TRY IT:
Leave the pictures aside and copy all the data exactly.
══════════════════════════════
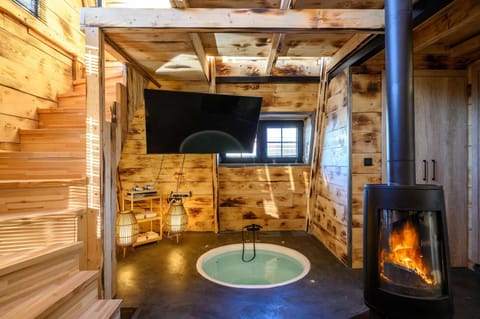 A-Home Villa, Private Pool & Jetted Tub Oasis House in Heraklion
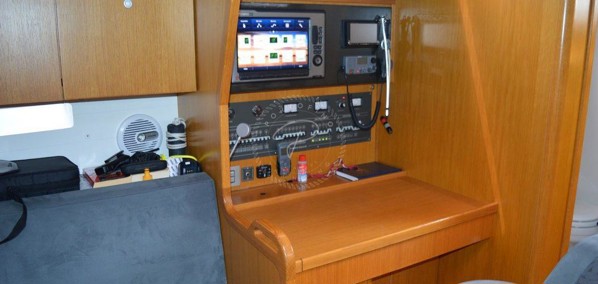 2009 GRAND SOLEIL 46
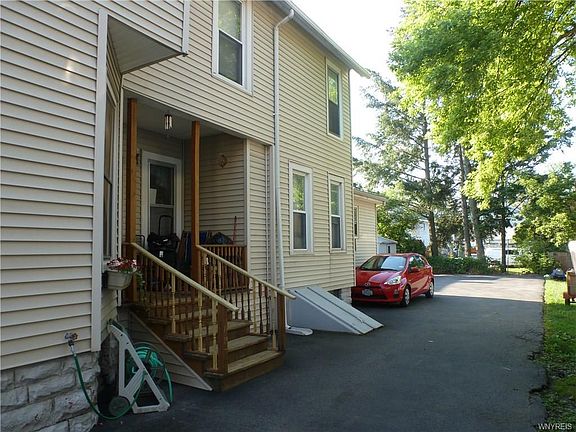 2nd image of 203 Robinson St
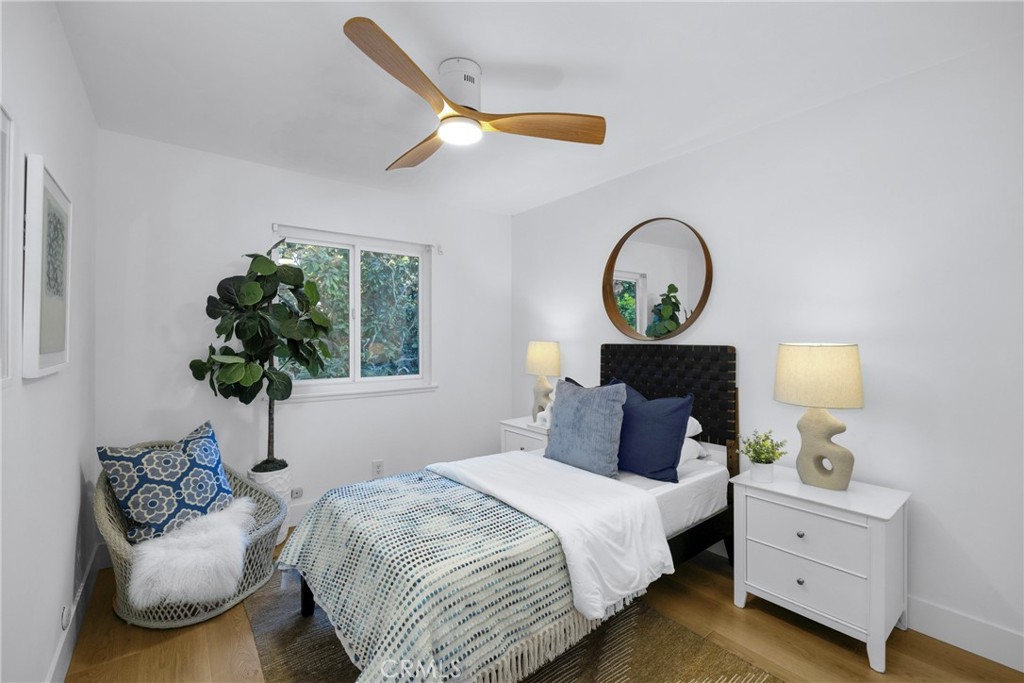 2350 Bunker Hill Way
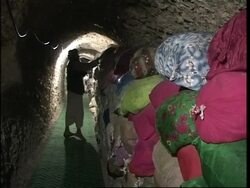 Tunnels where old Qurans are stored Instructional Video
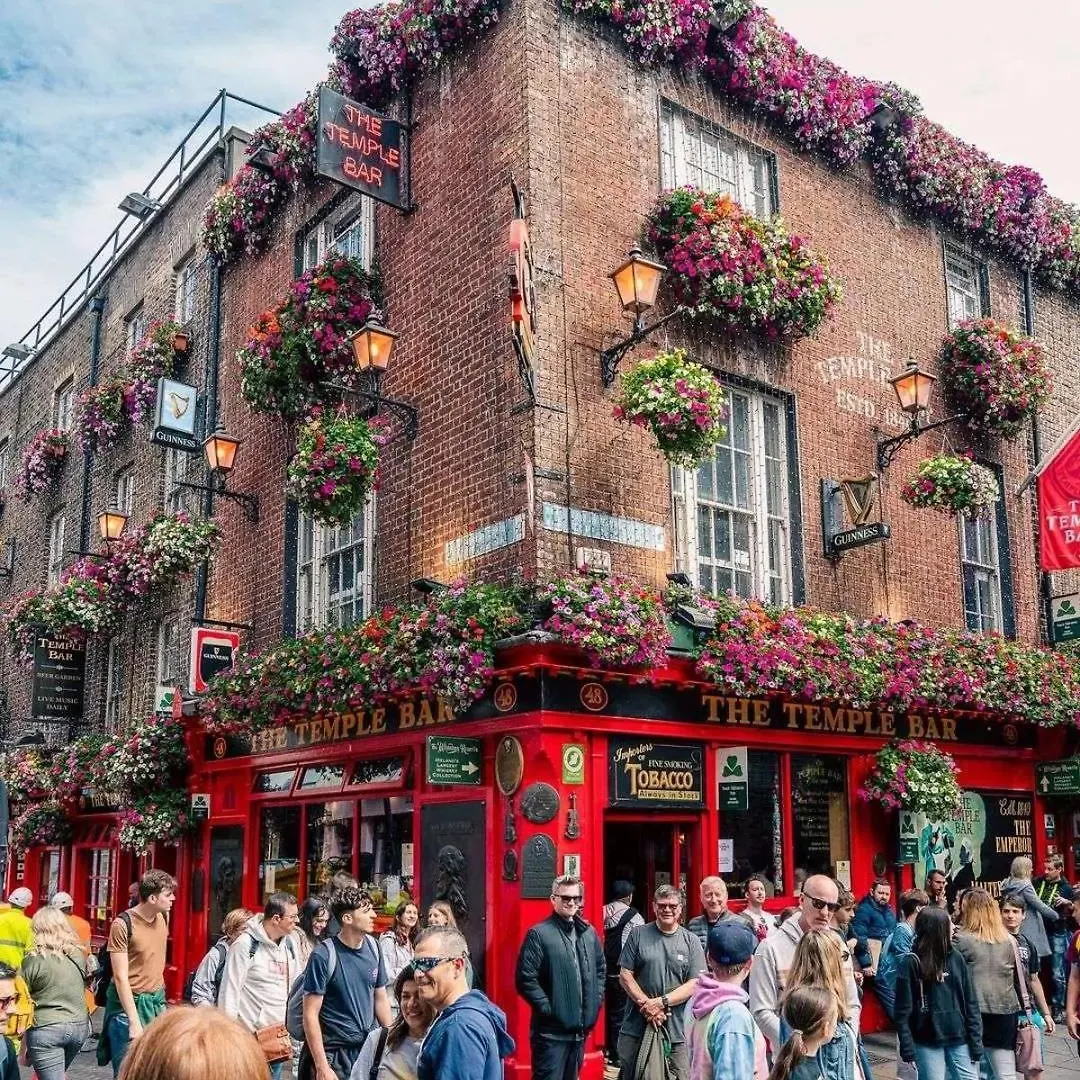 Black Or White En Suite Dublin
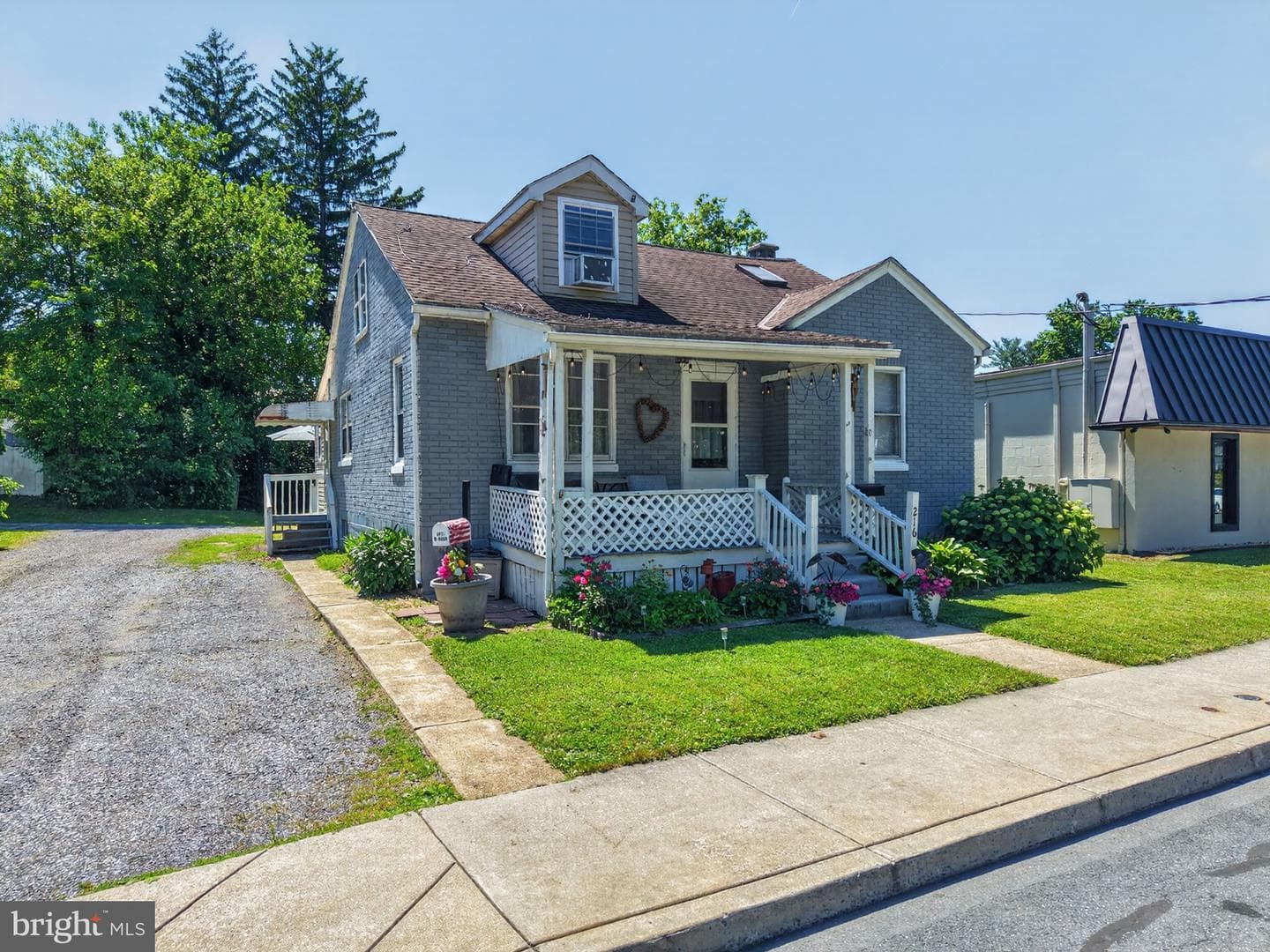 216 W Fulton Street photo 11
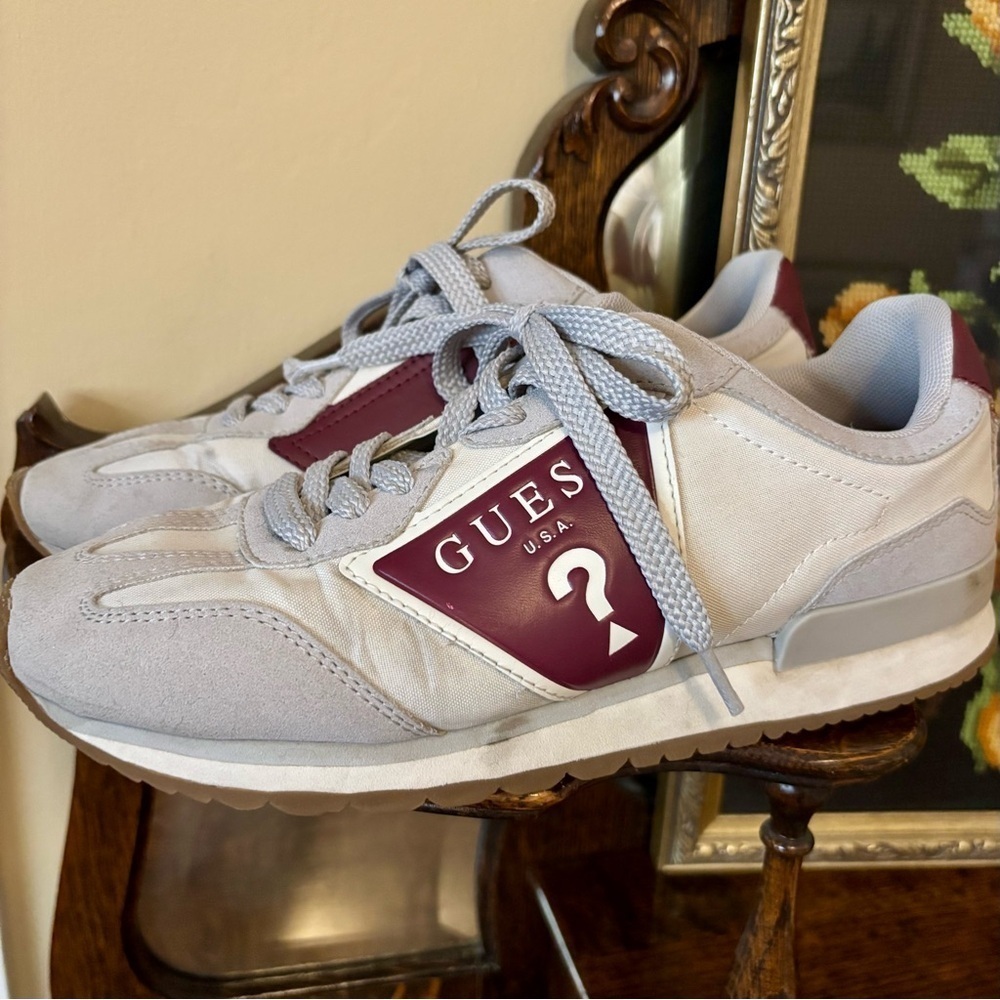 Guess| Cute & Sporty Light Grey/Burgundy Casual Logo Sneakers Sz 7.5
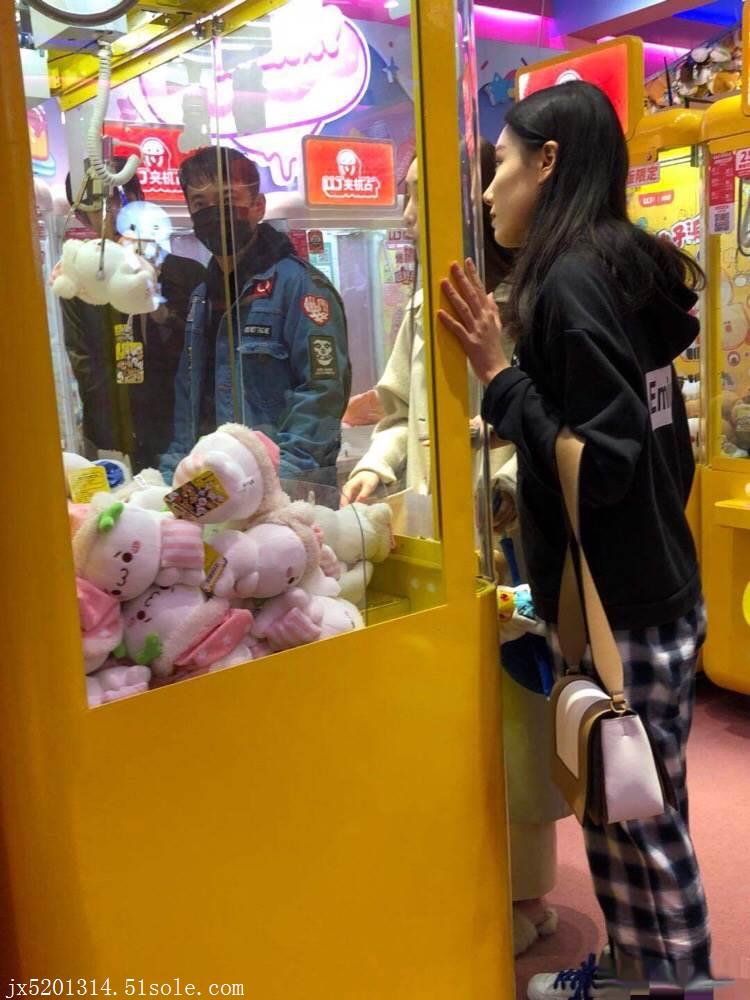 网红娃娃机店_在线娃娃机app哪个好_抓娃娃网红店IP变现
══════════════════════════════
PROBLEM SOLUTION:
 A-Home Villa, Private Pool & Jetted Tub Oasis House in Heraklion
 2009 GRAND SOLEIL 46
 2nd image of 203 Robinson St
 2350 Bunker Hill Way
 Tunnels where old Qurans are stored Instructional Video
 Black Or White En Suite Dublin
 216 W Fulton Street photo 11
 Guess| Cute & Sporty Light Grey/Burgundy Casual Logo Sneakers Sz 7.5
 网红娃娃机店_在线娃娃机app哪个好_抓娃娃网红店IP变现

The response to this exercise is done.